Lo ocurrido ayer en las calles del país fue la última expresión de un patrón de violencia institucional que se ha normalizado bajo el amparo del poder gobernante. La represión desproporcionada ejercida por la Policía Nacional del Perú (PNP) contra manifestantes pacíficos volvió a teñir de sangre el derecho ciudadano a la protesta. El saldo ha sido un joven músico asesinado por un suboficial de inteligencia, varios heridos de perdigones y una sociedad que asiste, otra vez, a la degradación del Estado de derecho.
Desde los discursos de las bancadas oficialistas hasta las acciones erráticas de quien han colocado en el Ejecutivo, se ha instalado la narrativa del enemigo interno, en la que todo ciudadano movilizado es sospechoso de subversión.
Ese discurso habilita el uso de la fuerza como respuesta automática ante la disidencia, deshumaniza al manifestante y legitima la brutalidad uniformada.

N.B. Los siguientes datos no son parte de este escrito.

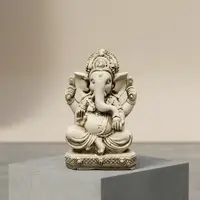 Estatuilla Resina Ganesha Traída De India Apto Exterior Blanco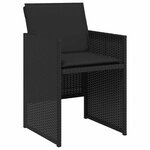 vidaXL Ensemble de salle à manger pour jardin 5 Pièces Noir polyrotin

Los testimonios y registros de la jornada dan cuenta de cómo calles fueron cerradas por la propia fuerza policial para acorralar a los manifestantes, disparos de perdigones al cuerpo —prohibidos por los protocolos internacionales— y persecuciones posteriores a la movilización. Nada de eso fue accidental, ya que responde a una estrategia de control social que busca disuadir la protesta mediante el miedo.

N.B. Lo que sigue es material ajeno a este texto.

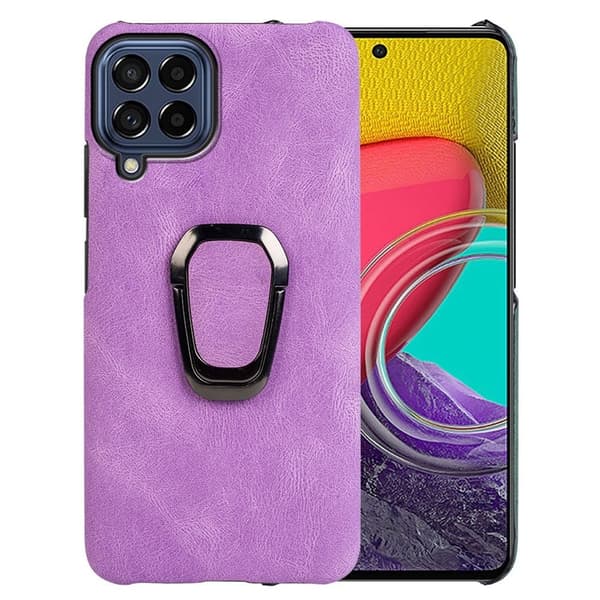 Stötsäkert läderfodral med oval kickstand för Samsung Galaxy M53 5G - Lila Lila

Frente a esta realidad, si el silencio de los altos mandos del Gobierno y de los voceros del Congreso que lo sostienen continúa, equivaldría a complicidad.
La justicia nacional e internacional será la encargada de verificar si se trata de una violencia sistemática que se reproduce con la aquiescencia de grupos parlamentarios, y no solo de excesos individuales. Una democracia no puede tolerar que la respuesta estatal frente al reclamo ciudadano sea el disparo y signifique muerte sin más.

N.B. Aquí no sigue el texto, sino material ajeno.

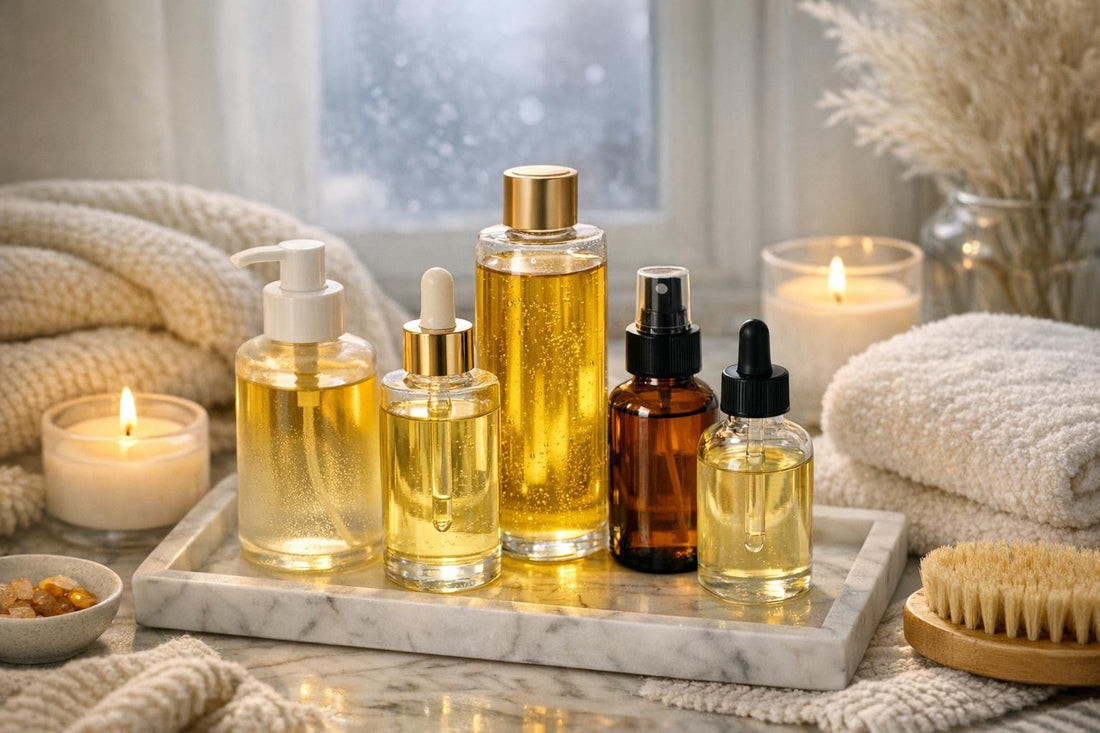 Assorted body oil bottles on cozy winter backdrop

Los ciudadanos afirman en redes que no quieren resignarse a vivir bajo un régimen que confunde orden interno con represión y autoridad con impunidad como el que desgobierna en el Perú desde el golpe de Pedro Castillo.
La sociedad peruana exige justicia para las víctimas que este régimen viene sumando desde su llegada al poder cuando quien habían colocado en ese entonces en el sillón presidencial era Dina Boluarte.
Mientras la coalición gobernante siga legitimando la violencia, la distancia que los separa de los ciudadanos seguirá replegándolos a los anales de la historia en los comicios electorales venideros.